- **Work to be completed**:
Reproduce, character for character, the entries from their opening line through the line with "Live cam show".

(Short web captions)
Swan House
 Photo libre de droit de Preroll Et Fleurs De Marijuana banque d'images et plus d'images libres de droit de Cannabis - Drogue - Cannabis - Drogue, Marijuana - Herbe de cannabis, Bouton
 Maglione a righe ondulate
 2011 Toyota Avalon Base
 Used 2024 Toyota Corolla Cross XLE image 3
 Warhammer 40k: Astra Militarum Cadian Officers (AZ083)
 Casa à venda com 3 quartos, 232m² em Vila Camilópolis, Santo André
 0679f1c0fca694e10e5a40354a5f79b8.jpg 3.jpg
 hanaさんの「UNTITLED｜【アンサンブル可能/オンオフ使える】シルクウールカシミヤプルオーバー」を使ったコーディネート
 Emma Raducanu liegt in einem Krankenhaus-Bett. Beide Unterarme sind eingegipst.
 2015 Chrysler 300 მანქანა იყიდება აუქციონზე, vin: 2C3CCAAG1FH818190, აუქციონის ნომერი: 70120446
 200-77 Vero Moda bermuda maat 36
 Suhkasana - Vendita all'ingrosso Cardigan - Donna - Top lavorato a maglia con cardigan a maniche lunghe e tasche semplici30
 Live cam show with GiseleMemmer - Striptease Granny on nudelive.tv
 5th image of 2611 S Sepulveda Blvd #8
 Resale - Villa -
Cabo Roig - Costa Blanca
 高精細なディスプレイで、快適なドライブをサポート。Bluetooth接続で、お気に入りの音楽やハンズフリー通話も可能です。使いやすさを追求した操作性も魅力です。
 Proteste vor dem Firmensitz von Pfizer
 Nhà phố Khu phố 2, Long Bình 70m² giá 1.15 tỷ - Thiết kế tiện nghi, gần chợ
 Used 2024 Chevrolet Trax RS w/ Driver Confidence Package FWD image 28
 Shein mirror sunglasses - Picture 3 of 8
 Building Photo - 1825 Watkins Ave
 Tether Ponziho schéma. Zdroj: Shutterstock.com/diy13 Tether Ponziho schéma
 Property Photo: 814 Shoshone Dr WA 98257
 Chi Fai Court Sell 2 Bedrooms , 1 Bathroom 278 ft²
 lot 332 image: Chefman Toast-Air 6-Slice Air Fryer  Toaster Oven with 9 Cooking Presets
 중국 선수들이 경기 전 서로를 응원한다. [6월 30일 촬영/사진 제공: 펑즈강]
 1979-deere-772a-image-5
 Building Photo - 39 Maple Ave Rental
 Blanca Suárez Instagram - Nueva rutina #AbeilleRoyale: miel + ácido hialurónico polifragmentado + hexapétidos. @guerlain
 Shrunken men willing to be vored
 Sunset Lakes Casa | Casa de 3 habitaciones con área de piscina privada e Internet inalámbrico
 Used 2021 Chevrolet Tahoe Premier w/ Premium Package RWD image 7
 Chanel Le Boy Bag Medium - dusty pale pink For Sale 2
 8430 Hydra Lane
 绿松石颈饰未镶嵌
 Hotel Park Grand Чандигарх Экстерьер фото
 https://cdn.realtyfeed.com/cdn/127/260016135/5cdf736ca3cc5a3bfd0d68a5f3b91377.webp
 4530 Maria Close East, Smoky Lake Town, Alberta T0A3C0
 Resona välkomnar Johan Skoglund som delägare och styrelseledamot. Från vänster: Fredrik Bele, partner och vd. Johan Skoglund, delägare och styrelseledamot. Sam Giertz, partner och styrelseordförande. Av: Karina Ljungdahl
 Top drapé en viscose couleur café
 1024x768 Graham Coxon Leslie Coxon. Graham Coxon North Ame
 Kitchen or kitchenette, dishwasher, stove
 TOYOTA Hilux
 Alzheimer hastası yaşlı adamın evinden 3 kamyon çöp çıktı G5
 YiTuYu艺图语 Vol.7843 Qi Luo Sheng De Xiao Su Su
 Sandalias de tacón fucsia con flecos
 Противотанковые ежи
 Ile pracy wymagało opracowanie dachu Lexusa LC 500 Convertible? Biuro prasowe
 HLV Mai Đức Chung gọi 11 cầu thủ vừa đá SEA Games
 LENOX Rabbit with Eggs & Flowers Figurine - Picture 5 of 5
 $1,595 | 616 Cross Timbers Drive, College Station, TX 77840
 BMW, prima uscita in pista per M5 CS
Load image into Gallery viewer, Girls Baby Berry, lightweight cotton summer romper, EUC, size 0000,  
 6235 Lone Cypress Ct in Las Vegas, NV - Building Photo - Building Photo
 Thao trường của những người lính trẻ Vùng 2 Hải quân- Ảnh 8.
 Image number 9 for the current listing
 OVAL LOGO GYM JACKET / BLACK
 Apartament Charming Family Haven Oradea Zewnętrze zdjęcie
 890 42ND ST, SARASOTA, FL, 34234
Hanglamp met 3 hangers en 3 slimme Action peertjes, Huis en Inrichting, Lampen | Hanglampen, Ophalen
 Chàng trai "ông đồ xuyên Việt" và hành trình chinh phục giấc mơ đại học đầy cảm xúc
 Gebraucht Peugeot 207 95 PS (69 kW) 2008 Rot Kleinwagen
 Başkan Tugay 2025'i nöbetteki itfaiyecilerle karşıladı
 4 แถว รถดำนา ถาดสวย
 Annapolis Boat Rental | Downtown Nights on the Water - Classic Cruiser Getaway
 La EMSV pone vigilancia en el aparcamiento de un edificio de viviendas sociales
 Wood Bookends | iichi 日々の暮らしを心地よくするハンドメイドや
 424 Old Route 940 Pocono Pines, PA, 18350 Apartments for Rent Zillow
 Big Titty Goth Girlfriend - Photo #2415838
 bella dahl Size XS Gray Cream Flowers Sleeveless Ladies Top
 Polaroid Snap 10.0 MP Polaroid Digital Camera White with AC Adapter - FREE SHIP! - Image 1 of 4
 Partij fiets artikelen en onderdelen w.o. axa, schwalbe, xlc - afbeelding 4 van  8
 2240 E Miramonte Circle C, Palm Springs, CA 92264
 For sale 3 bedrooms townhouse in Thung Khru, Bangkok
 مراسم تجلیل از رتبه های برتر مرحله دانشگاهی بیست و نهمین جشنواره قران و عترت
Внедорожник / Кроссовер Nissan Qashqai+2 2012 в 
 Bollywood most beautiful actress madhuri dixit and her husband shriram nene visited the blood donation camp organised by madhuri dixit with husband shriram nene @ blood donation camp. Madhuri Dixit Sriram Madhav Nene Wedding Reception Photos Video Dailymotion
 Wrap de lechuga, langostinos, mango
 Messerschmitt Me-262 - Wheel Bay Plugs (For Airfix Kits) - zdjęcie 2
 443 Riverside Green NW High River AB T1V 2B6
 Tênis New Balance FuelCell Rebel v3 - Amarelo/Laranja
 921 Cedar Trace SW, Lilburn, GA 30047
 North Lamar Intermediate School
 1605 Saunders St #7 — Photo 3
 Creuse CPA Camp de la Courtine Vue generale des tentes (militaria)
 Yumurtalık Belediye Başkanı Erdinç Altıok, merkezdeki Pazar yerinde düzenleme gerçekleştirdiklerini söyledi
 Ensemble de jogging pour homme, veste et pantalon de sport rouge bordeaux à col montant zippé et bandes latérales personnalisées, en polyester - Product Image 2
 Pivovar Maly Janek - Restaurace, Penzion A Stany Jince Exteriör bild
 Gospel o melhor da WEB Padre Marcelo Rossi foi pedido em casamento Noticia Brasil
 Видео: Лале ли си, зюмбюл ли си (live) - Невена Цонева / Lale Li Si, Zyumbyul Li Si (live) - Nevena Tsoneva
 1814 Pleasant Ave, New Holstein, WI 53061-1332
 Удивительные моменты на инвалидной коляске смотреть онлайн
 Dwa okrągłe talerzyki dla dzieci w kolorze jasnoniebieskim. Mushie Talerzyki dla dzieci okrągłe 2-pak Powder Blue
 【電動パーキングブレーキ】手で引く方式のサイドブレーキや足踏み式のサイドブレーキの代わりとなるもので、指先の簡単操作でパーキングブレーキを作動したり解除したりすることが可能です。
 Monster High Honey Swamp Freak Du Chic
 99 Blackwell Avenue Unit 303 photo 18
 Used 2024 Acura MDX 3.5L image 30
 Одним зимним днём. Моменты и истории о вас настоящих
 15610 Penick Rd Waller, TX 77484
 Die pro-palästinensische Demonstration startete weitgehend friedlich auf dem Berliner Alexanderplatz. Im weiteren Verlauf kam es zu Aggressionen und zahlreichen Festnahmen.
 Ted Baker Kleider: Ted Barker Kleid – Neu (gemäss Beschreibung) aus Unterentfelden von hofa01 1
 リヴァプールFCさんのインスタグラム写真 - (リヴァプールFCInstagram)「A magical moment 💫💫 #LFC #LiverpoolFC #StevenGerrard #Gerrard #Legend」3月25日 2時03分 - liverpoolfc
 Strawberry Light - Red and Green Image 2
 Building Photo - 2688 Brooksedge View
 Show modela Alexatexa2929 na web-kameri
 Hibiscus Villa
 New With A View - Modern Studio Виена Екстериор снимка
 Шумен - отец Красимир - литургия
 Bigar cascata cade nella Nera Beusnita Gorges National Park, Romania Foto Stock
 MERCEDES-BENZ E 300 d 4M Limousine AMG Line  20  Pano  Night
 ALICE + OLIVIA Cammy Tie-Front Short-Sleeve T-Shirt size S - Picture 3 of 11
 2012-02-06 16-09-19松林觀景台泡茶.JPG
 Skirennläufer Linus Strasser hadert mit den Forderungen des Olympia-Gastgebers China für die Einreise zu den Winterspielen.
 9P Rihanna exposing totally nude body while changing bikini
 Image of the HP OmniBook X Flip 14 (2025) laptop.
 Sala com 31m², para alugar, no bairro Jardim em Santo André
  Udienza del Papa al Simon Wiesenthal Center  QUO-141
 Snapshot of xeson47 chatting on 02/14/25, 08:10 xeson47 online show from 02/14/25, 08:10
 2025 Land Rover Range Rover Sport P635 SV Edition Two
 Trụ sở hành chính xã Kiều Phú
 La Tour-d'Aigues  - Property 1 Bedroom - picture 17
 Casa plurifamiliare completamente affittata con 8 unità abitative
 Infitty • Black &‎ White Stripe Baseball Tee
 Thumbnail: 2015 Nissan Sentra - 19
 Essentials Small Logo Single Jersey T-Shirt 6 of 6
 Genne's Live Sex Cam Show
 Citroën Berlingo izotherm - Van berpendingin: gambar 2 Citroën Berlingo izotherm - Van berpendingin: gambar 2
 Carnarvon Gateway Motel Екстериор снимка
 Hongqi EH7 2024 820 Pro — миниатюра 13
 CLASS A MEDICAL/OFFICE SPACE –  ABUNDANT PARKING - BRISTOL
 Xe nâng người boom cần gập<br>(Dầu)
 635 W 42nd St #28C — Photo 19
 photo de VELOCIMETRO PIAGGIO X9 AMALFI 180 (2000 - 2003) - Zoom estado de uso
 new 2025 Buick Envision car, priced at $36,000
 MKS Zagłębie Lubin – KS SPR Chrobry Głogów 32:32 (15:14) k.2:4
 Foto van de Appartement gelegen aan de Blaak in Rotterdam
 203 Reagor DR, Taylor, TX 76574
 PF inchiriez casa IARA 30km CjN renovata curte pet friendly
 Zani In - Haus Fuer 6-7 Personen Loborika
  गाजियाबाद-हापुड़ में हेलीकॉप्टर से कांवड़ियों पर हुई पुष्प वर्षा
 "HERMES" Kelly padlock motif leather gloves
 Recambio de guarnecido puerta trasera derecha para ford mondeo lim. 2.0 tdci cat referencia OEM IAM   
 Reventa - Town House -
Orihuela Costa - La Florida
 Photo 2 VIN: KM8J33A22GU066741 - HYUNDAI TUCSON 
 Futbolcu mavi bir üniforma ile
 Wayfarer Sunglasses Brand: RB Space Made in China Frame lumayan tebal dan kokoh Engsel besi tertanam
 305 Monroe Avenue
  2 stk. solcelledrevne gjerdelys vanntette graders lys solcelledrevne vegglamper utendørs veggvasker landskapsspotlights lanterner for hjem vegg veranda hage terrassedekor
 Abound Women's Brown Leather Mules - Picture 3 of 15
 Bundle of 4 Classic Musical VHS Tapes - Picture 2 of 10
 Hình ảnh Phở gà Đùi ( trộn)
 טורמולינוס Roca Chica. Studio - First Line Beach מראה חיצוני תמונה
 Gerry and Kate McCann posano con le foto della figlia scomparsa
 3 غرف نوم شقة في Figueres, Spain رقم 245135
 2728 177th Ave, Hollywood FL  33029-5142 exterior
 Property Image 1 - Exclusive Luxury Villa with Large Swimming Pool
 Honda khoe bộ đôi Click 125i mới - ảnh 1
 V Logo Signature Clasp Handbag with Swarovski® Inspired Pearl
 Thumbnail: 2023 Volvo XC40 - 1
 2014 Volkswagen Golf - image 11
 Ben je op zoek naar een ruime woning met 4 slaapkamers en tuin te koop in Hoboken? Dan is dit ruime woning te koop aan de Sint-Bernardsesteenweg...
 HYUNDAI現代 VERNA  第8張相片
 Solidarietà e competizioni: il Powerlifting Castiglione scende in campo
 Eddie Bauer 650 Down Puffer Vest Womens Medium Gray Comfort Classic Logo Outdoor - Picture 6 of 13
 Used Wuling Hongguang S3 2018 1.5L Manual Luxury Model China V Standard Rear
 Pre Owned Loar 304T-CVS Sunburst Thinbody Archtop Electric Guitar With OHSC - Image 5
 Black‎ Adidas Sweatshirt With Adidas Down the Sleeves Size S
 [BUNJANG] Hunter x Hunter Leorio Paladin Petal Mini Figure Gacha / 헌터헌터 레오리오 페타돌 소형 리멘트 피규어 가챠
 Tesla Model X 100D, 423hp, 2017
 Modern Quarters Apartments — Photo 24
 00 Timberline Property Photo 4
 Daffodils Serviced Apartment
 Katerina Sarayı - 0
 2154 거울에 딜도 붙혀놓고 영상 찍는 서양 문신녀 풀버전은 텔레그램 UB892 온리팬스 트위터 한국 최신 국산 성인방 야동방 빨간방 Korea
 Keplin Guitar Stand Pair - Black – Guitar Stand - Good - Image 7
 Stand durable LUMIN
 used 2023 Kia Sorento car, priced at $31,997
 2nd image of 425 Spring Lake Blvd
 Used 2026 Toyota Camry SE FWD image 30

- **Reply**:
Swan House
 Photo libre de droit de Preroll Et Fleurs De Marijuana banque d'images et plus d'images libres de droit de Cannabis - Drogue - Cannabis - Drogue, Marijuana - Herbe de cannabis, Bouton
 Maglione a righe ondulate
 2011 Toyota Avalon Base
 Used 2024 Toyota Corolla Cross XLE image 3
 Warhammer 40k: Astra Militarum Cadian Officers (AZ083)
 Casa à venda com 3 quartos, 232m² em Vila Camilópolis, Santo André
 0679f1c0fca694e10e5a40354a5f79b8.jpg 3.jpg
 hanaさんの「UNTITLED｜【アンサンブル可能/オンオフ使える】シルクウールカシミヤプルオーバー」を使ったコーディネート
 Emma Raducanu liegt in einem Krankenhaus-Bett. Beide Unterarme sind eingegipst.
 2015 Chrysler 300 მანქანა იყიდება აუქციონზე, vin: 2C3CCAAG1FH818190, აუქციონის ნომერი: 70120446
 200-77 Vero Moda bermuda maat 36
 Suhkasana - Vendita all'ingrosso Cardigan - Donna - Top lavorato a maglia con cardigan a maniche lunghe e tasche semplici30
 Live cam show with GiseleMemmer - Striptease Granny on nudelive.tv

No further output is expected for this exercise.